İngilizce içindeki destabilize ne anlama geliyor?
İngilizce'deki destabilize kelimesinin anlamı nedir? Makale, tam anlamını, telaffuzunu ve iki dilli örneklerle birlikte destabilize'ün İngilizce'te nasıl kullanılacağına ilişkin talimatları açıklamaktadır.
İngilizce içindeki destabilize kelimesi istikrarsızlaştırmak, istikrarı bozmak, destabilize etmek, dengesini bozmak, istikrarsızlaşmak, istikrarsız hale gelmek anlamına gelir. Daha fazla bilgi için lütfen aşağıdaki ayrıntılara bakın.
destabilize kelimesinin anlamı
istikrarsızlaştırmak, istikrarı bozmak, destabilize etmektransitive verb (make [sth] unstable) (geçişli fiil: Fiillin belirttiği hareket ya da olay nesne üzerinde gerçekleşiyorsa yani bir nesneyi etkiliyorsa bu geçişli fiildir (örnek: "çocuk yemeğini yedi").) The decaying isotope will destabilize the substance. |
dengesini bozmaktransitive verb (make [sb] unstable) (kişi) (geçişli fiil: Fiillin belirttiği hareket ya da olay nesne üzerinde gerçekleşiyorsa yani bir nesneyi etkiliyorsa bu geçişli fiildir (örnek: "çocuk yemeğini yedi").) The sudden shock of her son's death destabilized Martha, and she was unable to get out of bed for weeks. |
istikrarsızlaşmak, istikrarsız hale gelmekintransitive verb (become unstable) (geçişsiz fiil: Fiil bir nesne olmadan gerçekleşiyor ve sadece öznenin üstünde kalıyorsa bu geçişsiz fiildir (örnek: "çocuk konuşuyor").) Traffic conditions have destabilized with the winter storm. |
İngilizce öğrenelim
Artık destabilize'ün İngilizce içindeki anlamı hakkında daha fazla bilgi sahibi olduğunuza göre, seçilen örnekler aracılığıyla bunların nasıl kullanılacağını ve nasıl yapılacağını öğrenebilirsiniz. onları okuyun.
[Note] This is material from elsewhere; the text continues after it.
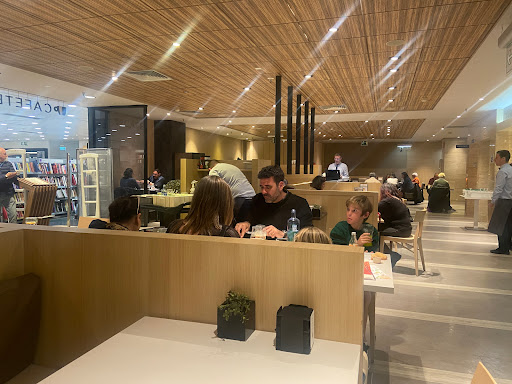 14090 cafeteria el corte ingles 1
Ve önerdiğimiz ilgili kelimeleri öğrenmeyi unutmayın. Web sitemiz sürekli olarak yeni kelimeler ve yeni örneklerle güncellenmektedir, böylece bilmediğiniz diğer kelimelerin anlamlarını İngilizce içinde arayabilirsiniz.
destabilize ile ilgili kelimeler
İngilizce sözcükleri güncellendi
İngilizce hakkında bilginiz var mı
İngilizce, İngiltere'ye göç eden ve 1400 yılı aşkın bir süre içinde gelişen Germen kabilelerinden gelmektedir. İngilizce, Çince ve İspanyolca'dan sonra dünyada en çok konuşulan üçüncü dildir. En çok öğrenilen ikinci dildir. ve yaklaşık 60 egemen ülkenin resmi dilidir.Bu dil, ikinci ve yabancı dil olarak anadili konuşanlardan daha fazla sayıda konuşmacıya sahiptir.İngilizce aynı zamanda Birleşmiş Milletler, Avrupa Birliği ve diğer birçok uluslararası kuruluşun ortak resmi dilidir. ve bölgesel organizasyonlar. Günümüzde dünyanın her yerindeki İngilizce konuşanlar nispeten kolaylıkla iletişim kurabiliyor.